Most of Finland’s renewable energy is bioenergy
Renewable energy sources mean wood-based fuels, other fuels of plant or animal origin, biogas, biodegradable fractions of fuels derived from recycling or wastes, hydropower, windpower, solar energy and geothermal heat.
The key target in promoting renewable energy in Finland is to reduce greenhouse gas emissions and move away from the energy system that is based on fossil fuels. Use of renewable energy also improves our energy self-sufficiency and employment and supports the development of technologies in the sector.
In Finland renewable energy sources represent about 40 per cent of gross energy consumption
In 2020 renewable energy represented 40 per cent of gross energy consumption in Finland. In the EU the targets for renewable energy are established in relation to energy end-consumption, in which case the share of renewable energy in Finland is 3 to 5 percentage units higher than when calculated from gross energy consumption.

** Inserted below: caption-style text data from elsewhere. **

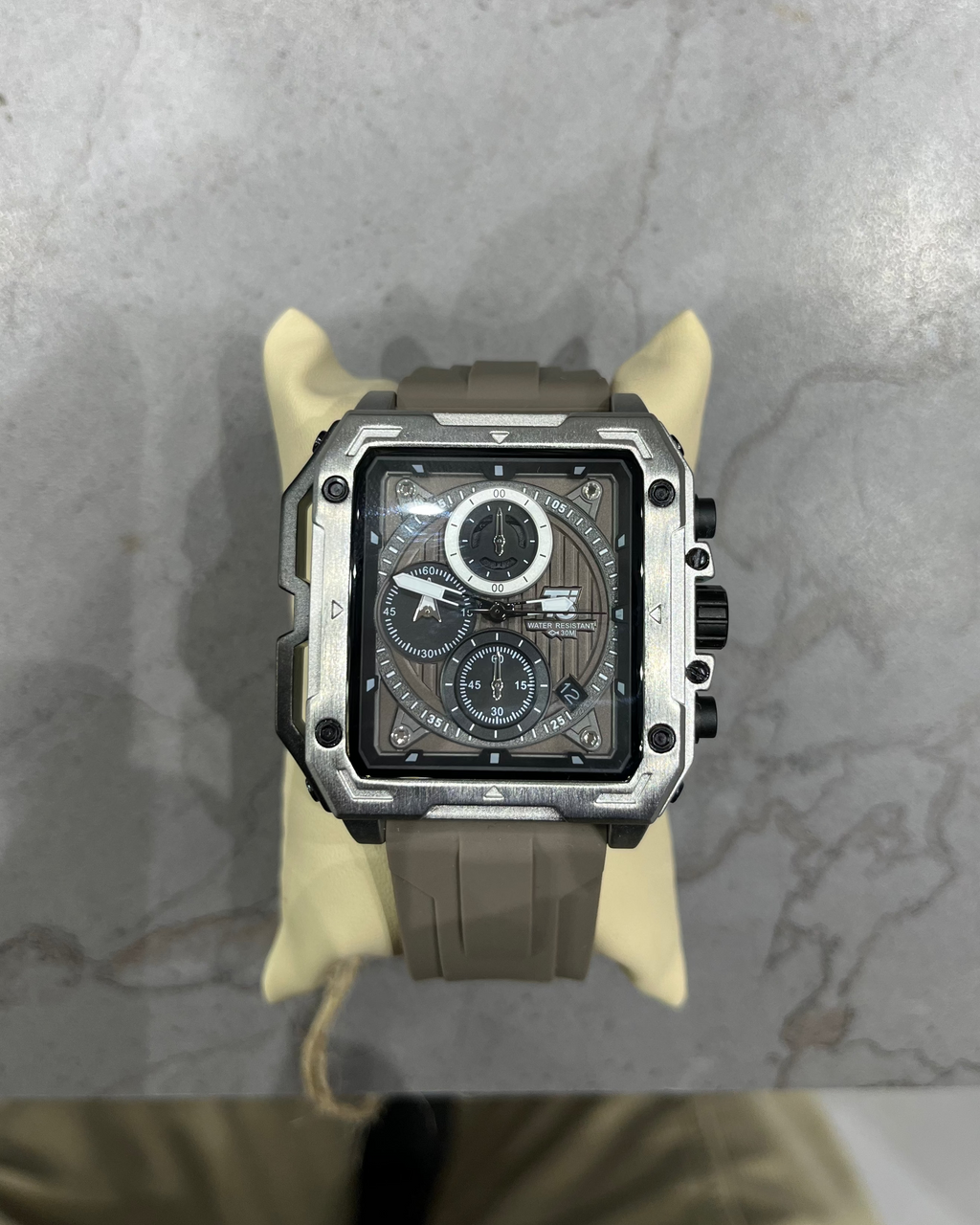 Watch with a brown strap on a marble surface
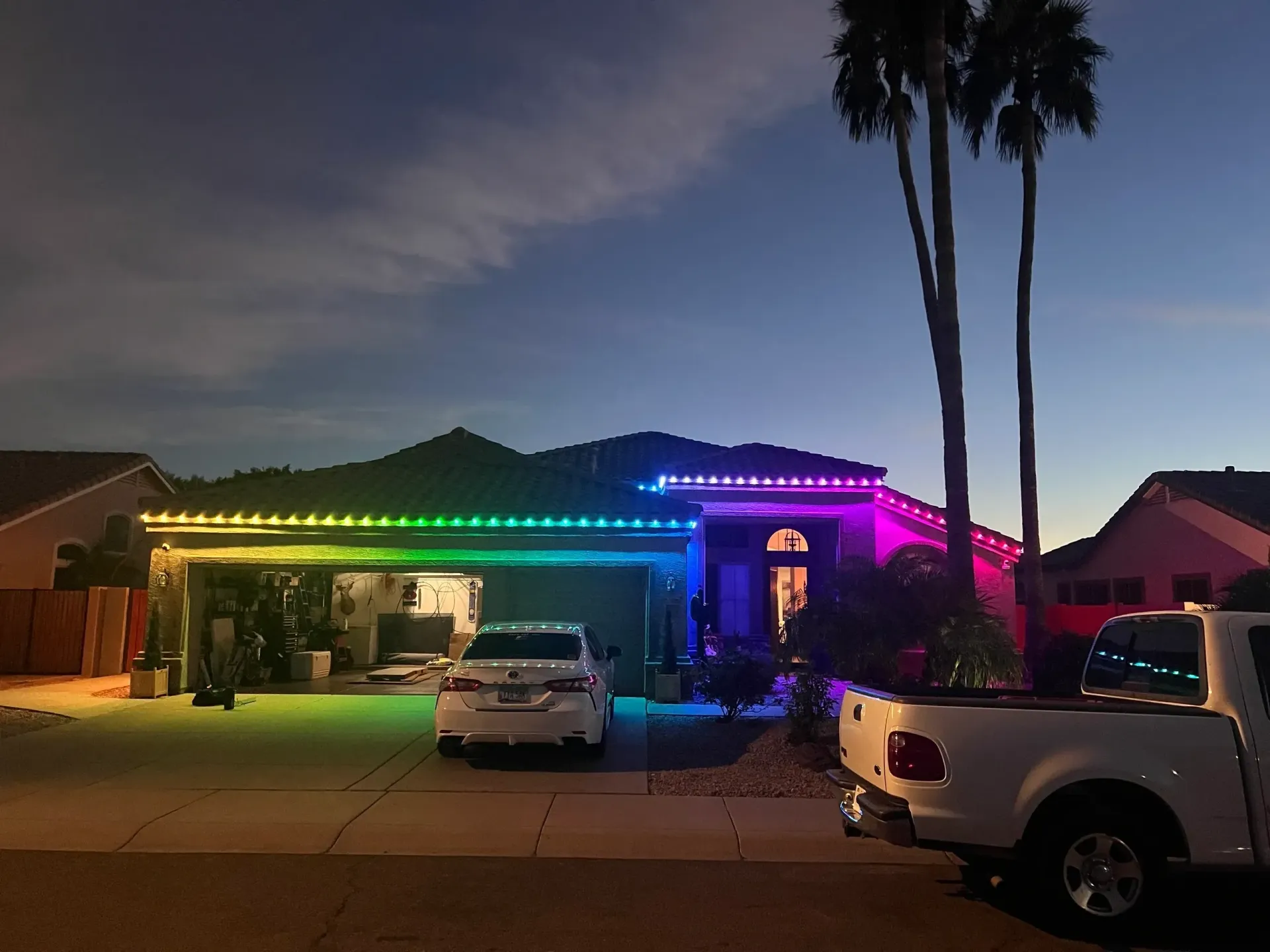 Single-story house at dusk with rainbow LED roof lights, parked cars, and tall palm trees.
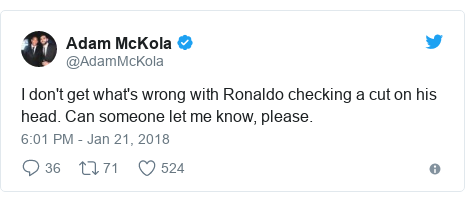 Twitter post by @AdamMcKola: I don't get what's wrong with Ronaldo checking a cut on his head. Can someone let me know, please.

The EU target set for Finland by 2020 was that 38 per cent of energy end-consumption should be produced from renewable sources, but in 2019 this share was already as high as 43 per cent. The national target set in the Government Programme and the Energy and Climate Strategy published in 2016 is that the share of renewable energy rises to more than 50 per cent during the 2020s.

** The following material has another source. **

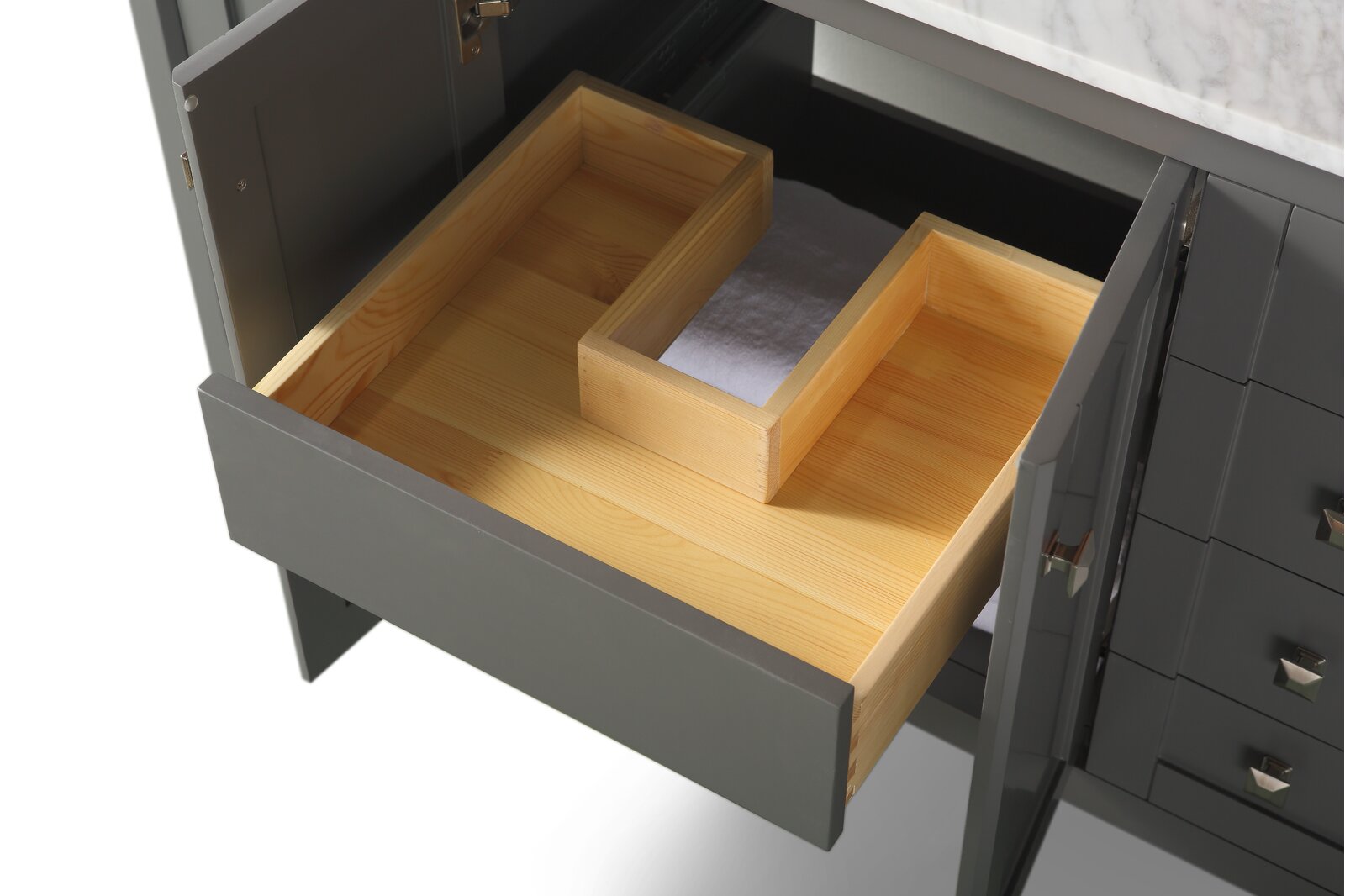 Open stone-colored modern bathroom vanity drawer revealing a natural solid wood interior and a removable wooden organizer tray, with a white marble countertop edge visible above.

Wood-based fuels are the main source of bioenergy in Finland
In Finland bioenergy has a key role in the production of renewable energy, while wood-based fuels are the main source of bioenergy. Wood-based fuels are also our largest energy source with a larger share in gross energy consumption than oil or coal. In 2020 wood-based fuels represented 28 per cent of Finland’s gross energy consumption.

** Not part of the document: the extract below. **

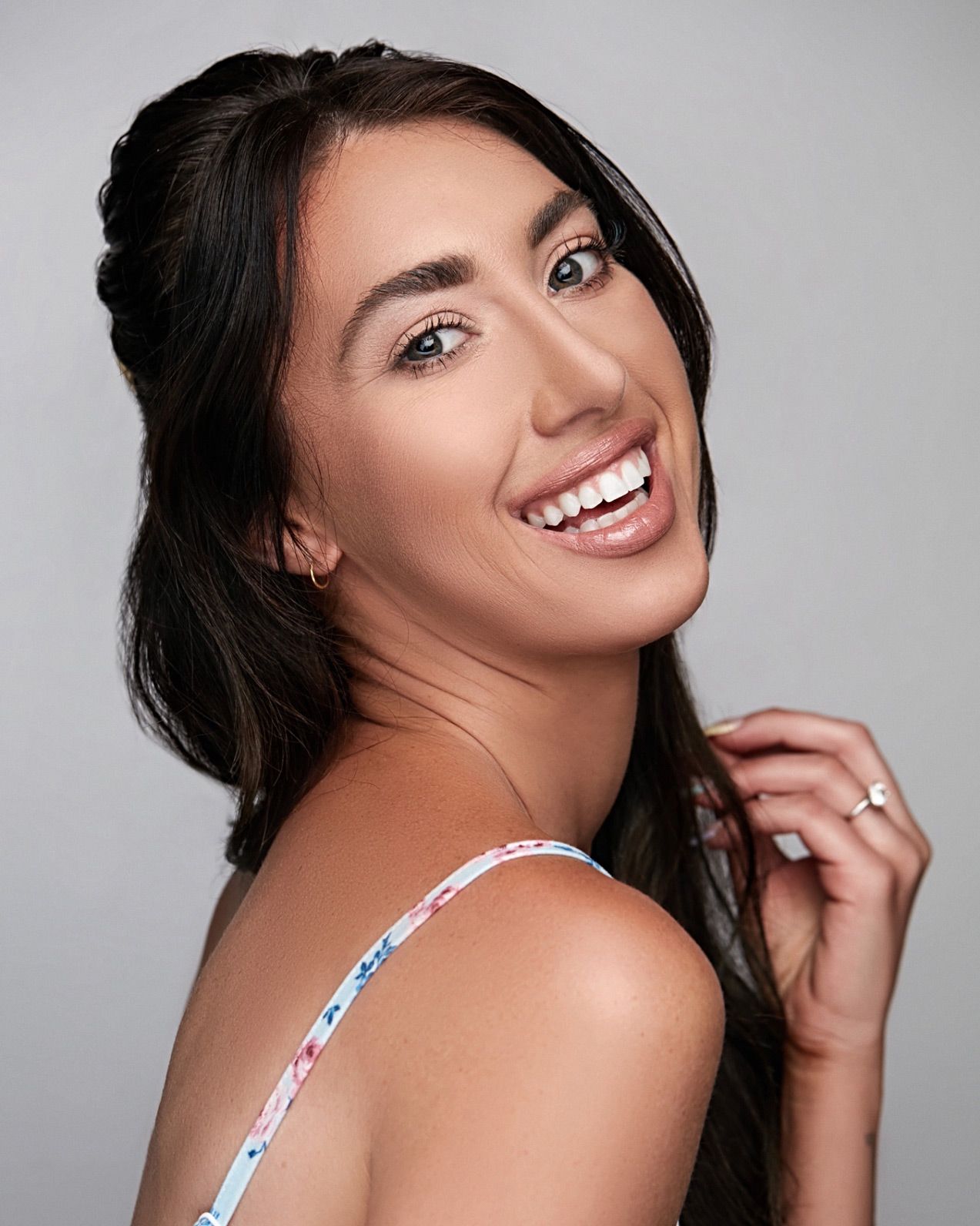 Close up beauty portrait with dramatic lighting showing flawless makeup and long dark hair against light background.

We also have a long history in using side streams from wood processing industry - black liquor, bark and sawdust - for energy production. In recent years the use of forest chips for energy has been growing as well, and Finnish households use significant amounts of wood and pellets as fuel. Many wood products and wooden structures can be used for energy at the end of their lifecycle.
Dry arable biomasses with high cellulose content - reed canary grass, straw and cereal residues - can be burned as such or mixed with other fuels. Animal manure can also be used for energy e.g. by gasifying it into biogas. Biogas can be produced from various kinds of biomasses by digestion in anaerobic conditions. The biodegradable fractions of fuels from recycled and waste material are also classified as bioenergy: e.g. waste oil from fish processing and food industry leftovers can be processed into energy. All this means that bioenergy can be produced from various types of biomass and by using many different techniques.
Renewable energy targets set in the National Energy and Climate Strategy
The targets and means for increasing the share of renewable energy are specified in the national strategies concerning climate and energy issues. The latest Energy and Climate Strategy was adopted in November 2016. The Medium-term Climate Change Plan published in September 2017 applies to the non-emissions trading sector, i.e. transport, heating of individual buildings, waste management and agriculture.